In addition, the growth rate in the number of licensed facilities was flat
between 2002 and 2004 (Mollica and Johnson-Lamarche, 2005). Even so, a study
done in 1998 documented an undersupply of facilities in rural areas, where
typically fewer services are offered (Hawes, Phillips, Holan, et al., 2005).
For the most part, expenses associated with assisted living services are not
covered by insurance and must be paid for privately by individuals and their
families (GAO, 1999). While monthly charges vary by facility and location,
the Met Life Market Survey (2003) estimates an average monthly cost for 2004
of $2,524, representing a $145 increase over the 2003 estimate. Extra fees
are often assessed for services such as medication management, dementia care,
laundry, and transportation (Hawes, Phillips, and Rose, 2000b).

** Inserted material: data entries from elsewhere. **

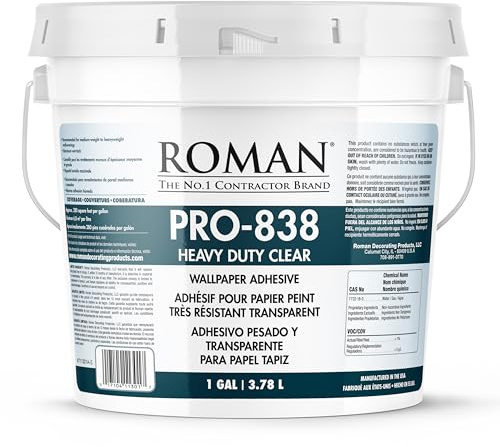 ROMAN Heavy Duty Clear Wallpaper Adhesive, Non-staining, Clear, PRO-838, (1 Gallon - 280 sq. ft.)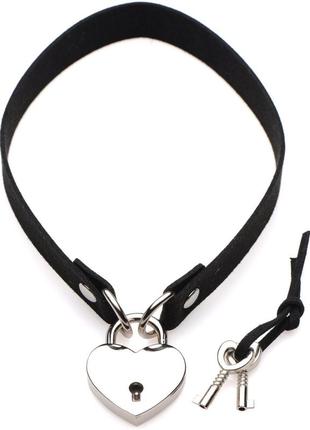 Чокер замок сердце (2ремешка 2ключа) lock-it heart choker with lockabl4 фото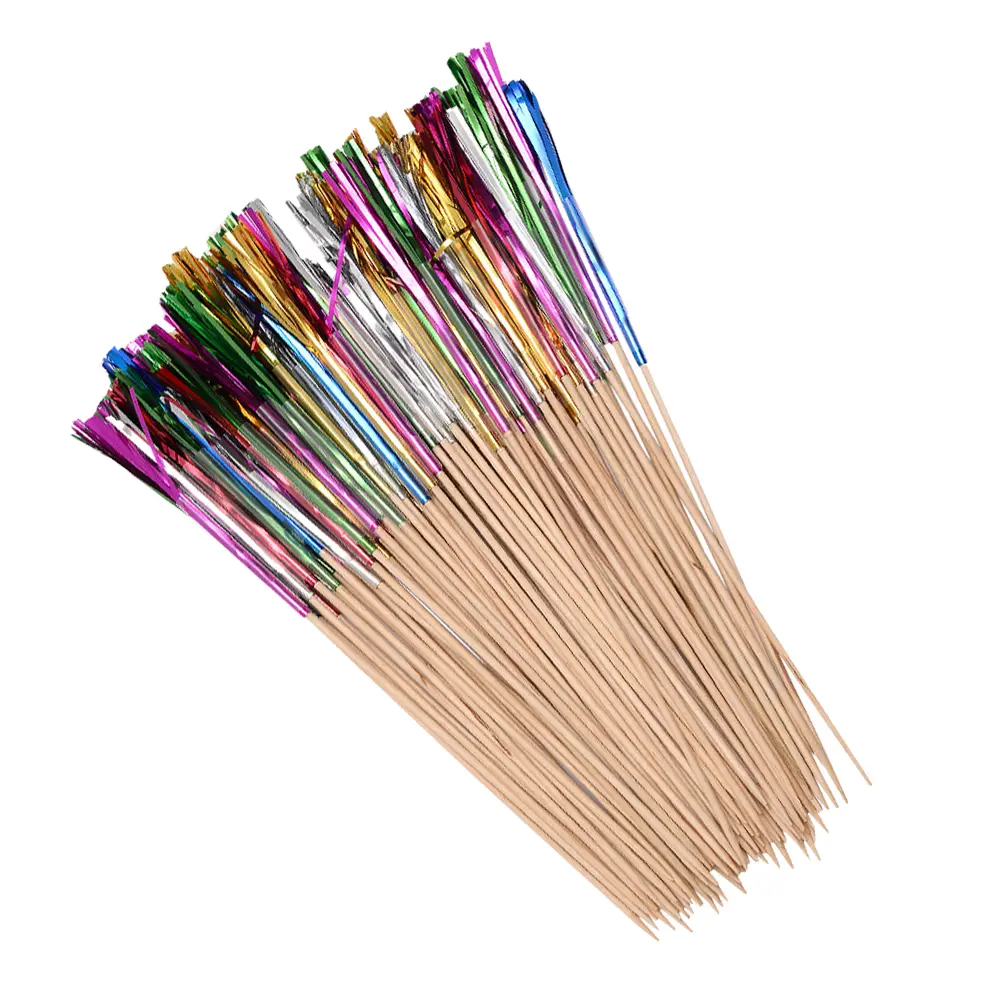 Colorful Picks Premium Fruit Skewers Sturdy Cake Dessert Party Supplies Foil Cupcake BBQ Kitchen Bar Tools Decor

As of 2004, a total of 41 States reimbursed for assisted living services through
the Medicaid Home and Community Based Waiver (Mollica and Johnson-Lamarche, 2005). The purpose of the Medicaid waiver is to help those who need long-term
care services to remain in a community setting, such as an assisted living
facility. This program pays for services that are typically covered in a nursing
home, such as nutritionist services, emergency care, and transportation. The
number of beneficiaries receiving Medicaid funds for assisted living grew more
slowly from 2002 to 2004, from 102,000 to approximately 121,000 (Mollica and Johnson-Lamarche, 2005). Although this Medicaid waiver option exists, assisted
living housing remains largely unaffordable for elderly individuals of moderate
or low income (Hawes, Rose, and Phillips, 1999).
Return to Contents
Differences Between Assisted Living and Nursing Home Care
The National Center for Assisted Living (NCAL) depicts assisted living (go to
Figure) on a continuum of long-term care as a step between total independent
living and skilled nursing home care (Kraditor, Dollard, Hodlewsky, et al., 2001). In contrast to a nursing home, which is based largely on a medical
model, assisted living is considered a social model that combines personal
services with health care in a home-like setting (Marsden, 2001; Thayer, 2003).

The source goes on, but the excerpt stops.